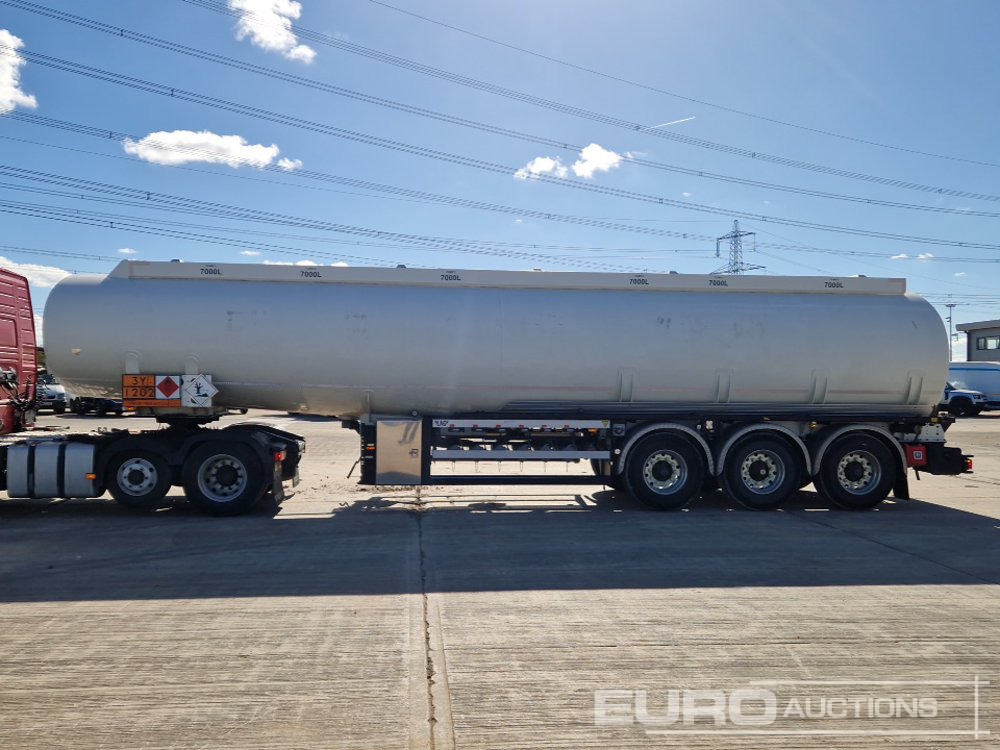 2016 LAG Trailers Q-3-ST - Επικαθήμενο βυτίο: φωτογραφία 2 2016 LAG Trailers Q-3-ST - Επικαθήμενο βυτίο: φωτογραφία 2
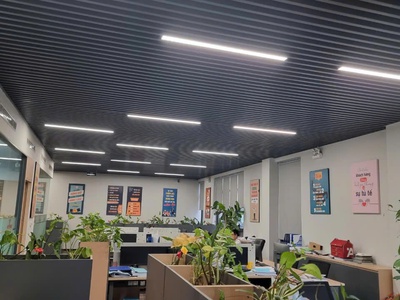 Cần cho thuê sàn văn phòng giá rẻ hấp dẫn có đồ nội thất đẹp xịn để lại tại VOV Mễ Trì 2
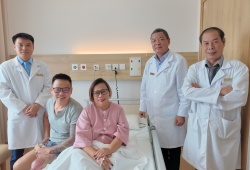 Vinmec Đà Nẵng mổ cấp cứu loại bỏ khối u buồng trứng khổng lồ cho bệnh nhân suy thận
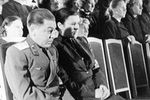 Сын Иосифа Сталина Василий с супругой Екатериной Тимошенко на церемонии прощания с И. В. Сталиным, 1953 год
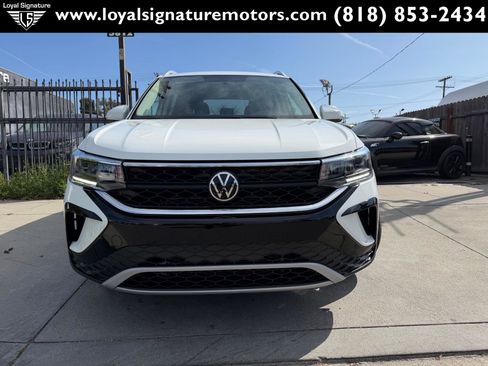 Used 2022 Volkswagen Taos SE image 2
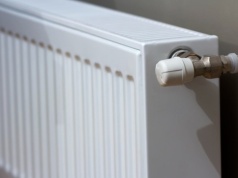 Kaloryfer nie musi rzucać się w oczy. Tak możesz go ukryć. Zobacz patenty od projektantów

### THE PROBLEM
Could you give the listing above again word for word, without any pictures?

### TASK OUTPUT
 2016 LAG Trailers Q-3-ST - Επικαθήμενο βυτίο: φωτογραφία 2 2016 LAG Trailers Q-3-ST - Επικαθήμενο βυτίο: φωτογραφία 2
 Cần cho thuê sàn văn phòng giá rẻ hấp dẫn có đồ nội thất đẹp xịn để lại tại VOV Mễ Trì 2
 Vinmec Đà Nẵng mổ cấp cứu loại bỏ khối u buồng trứng khổng lồ cho bệnh nhân suy thận
 Сын Иосифа Сталина Василий с супругой Екатериной Тимошенко на церемонии прощания с И. В. Сталиным, 1953 год
 Used 2022 Volkswagen Taos SE image 2
 Kaloryfer nie musi rzucać się w oczy. Tak możesz go ukryć. Zobacz patenty od projektantów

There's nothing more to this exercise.